I know... it really is sad.   I truly thought it was a joke when I saw the headline.  But it was on both Fox and MSNBC...


----------



## Nice & Wavy (May 7, 2009)

Shimmie said:


> I love my bottle of Ovation Cell Therapy (for my hair)... I wouldn't marry it.
> 
> Maybe the president of the company.....  I'd be ankle length by Christmas. I'd send you an entire case for you and Hubby's anniversary.
> 
> I can 'dream' can't I?


----------



## divya (May 7, 2009)

This is just bad on so many levels. It's a good reminder that we are called to be witnesses. The  kinds of things people do in this world show that they are really in need of Jesus in their lives...


----------



## FlowerHair (May 7, 2009)

It's like that man who married a sheep a few years ago...even worse, because you know he'll be molesting that animal


----------



## PaperClip (May 7, 2009)

Where's PETA? It's not ok to EAT animals but it's ok to marry them and have sex with them?


----------



## Shimmie (May 7, 2009)

FlowerHair said:


> It's like that man who married a sheep a few years ago...even worse, because you know he'll be molesting that animal


 
OMGoodness!   I never knew this.  

This is very scary because from what I've been told, men have been arrested for penetrating sheep.   

 I was also told that sheep have internal organs similar to a woman's.     I have to check this out.  



FoxyScholar said:


> Where's PETA? It's not ok to EAT animals but it's ok to marry them and have sex with them?


 
INDEED!  Where was / is PETA where it really counts.


----------



## GV-NA-GI-TLV-GE-I (May 7, 2009)

Shimmie said:


>



I wonder if he can divorce her for irreconcilable craziness and get all her money to donate to PETA hehehehe.


----------



## trenise (May 8, 2009)

Oh this is horrible.


----------



## Ballerina_Bun (May 8, 2009)

GV-NA-GI-TLV-GE-I said:


> I wonder if he can divorce her for irreconcilable craziness and get all her money to donate to PETA hehehehe.


 

Wow ... Dolphins, sheep ... I'm not the most conservative person in the world, but some things are just out of this world. Well, we definitely know they are NOT equally yoked. There must be a loop hole in the law that makes this legal.

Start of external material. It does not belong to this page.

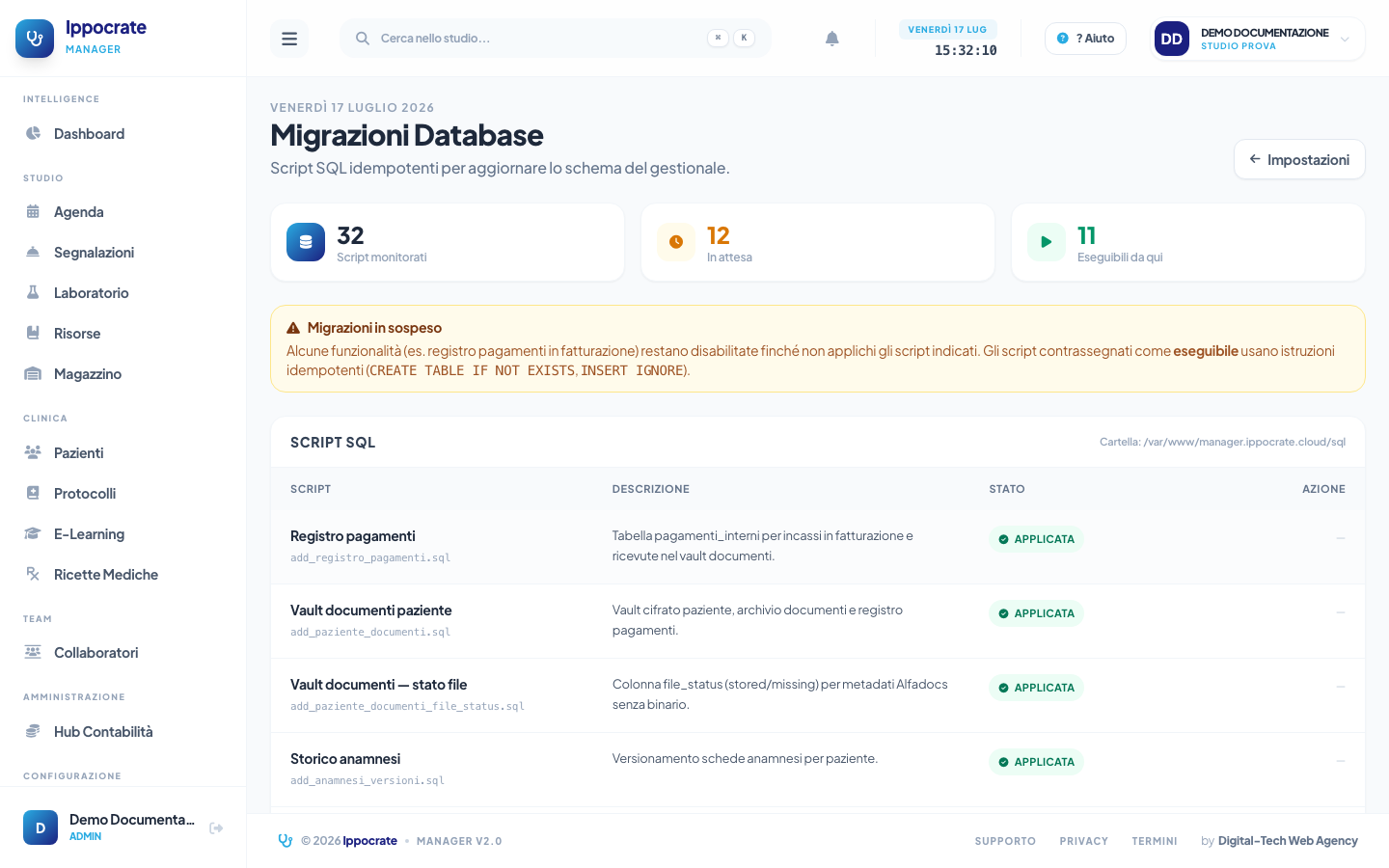 Screenshot Migrazioni database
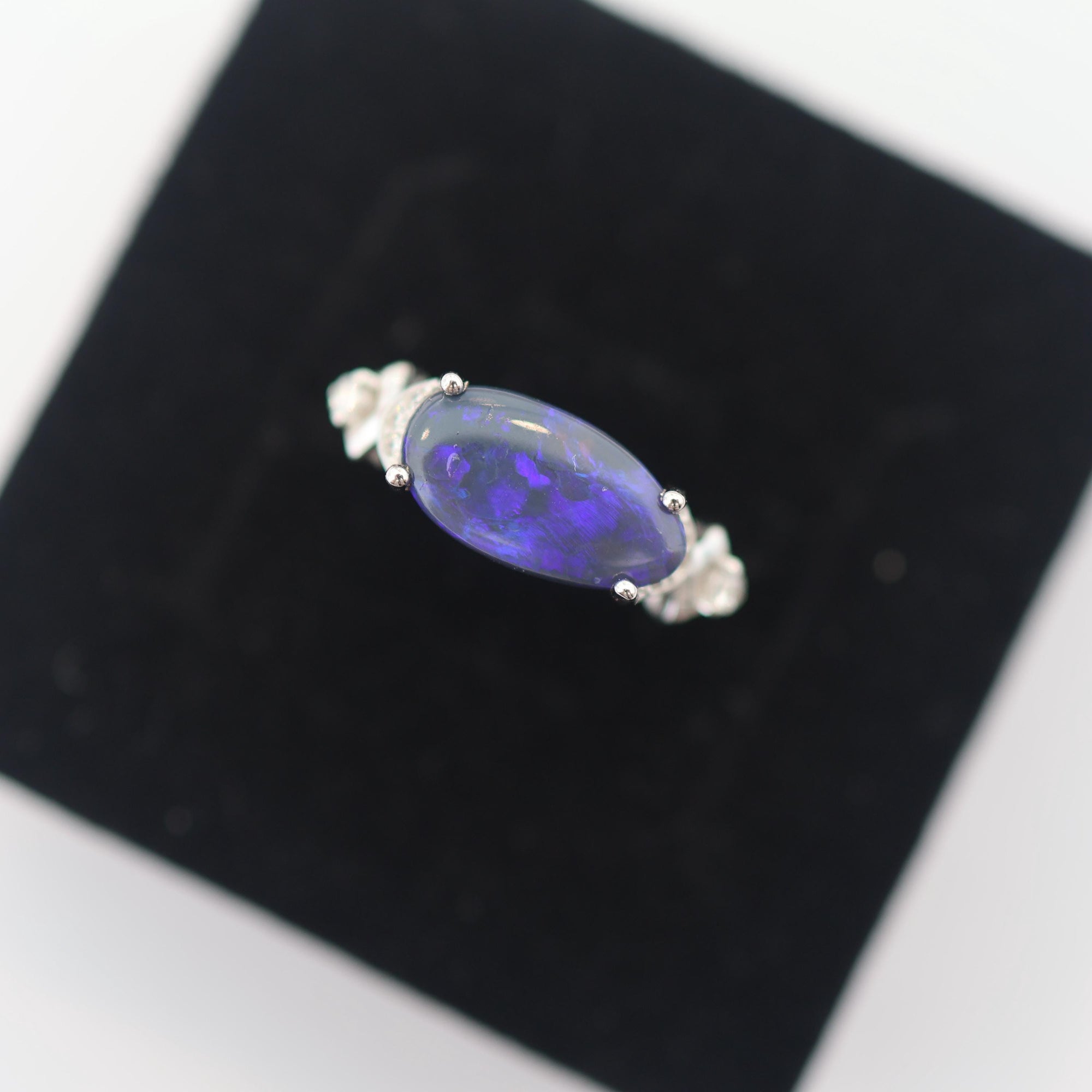 Stunning Purple Black Australian Opal Ring, Black Opal Jewelry, Gemstone Ring, Birthday Present, Valentines Day Gift, Dainty Ring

Nuts!

I'm surprised someone hasn't chimed in and said, "Well, women have been marrying "dogs" for ages, so what's the problem."  Sorry...


----------



## Ballerina_Bun (May 8, 2009)

FlowerHair said:


> It's like that man who married a sheep a few years ago...even worse, because you know he'll be molesting that animal


 
Was this in "Norge" Sorry, I HAD to ask.


----------



## PittGirl06 (May 12, 2009)

Gay marriage is one thing, but this is just wierd.


----------



## Shimmie (May 12, 2009)

Ballerina_Bun said:


> Wow ... Dolphins, sheep ... I'm not the most conservative person in the world, but some things are just out of this world. Well, we definitely know they are NOT equally yoked. There must be a loop hole in the law that makes this legal. Nuts!
> 
> *I'm surprised someone hasn't chimed in and said, "Well, women have been marrying "dogs" for ages, so what's the problem."  **Sorry*...


 
  @ Not equally yoked....  (You are so right about that). 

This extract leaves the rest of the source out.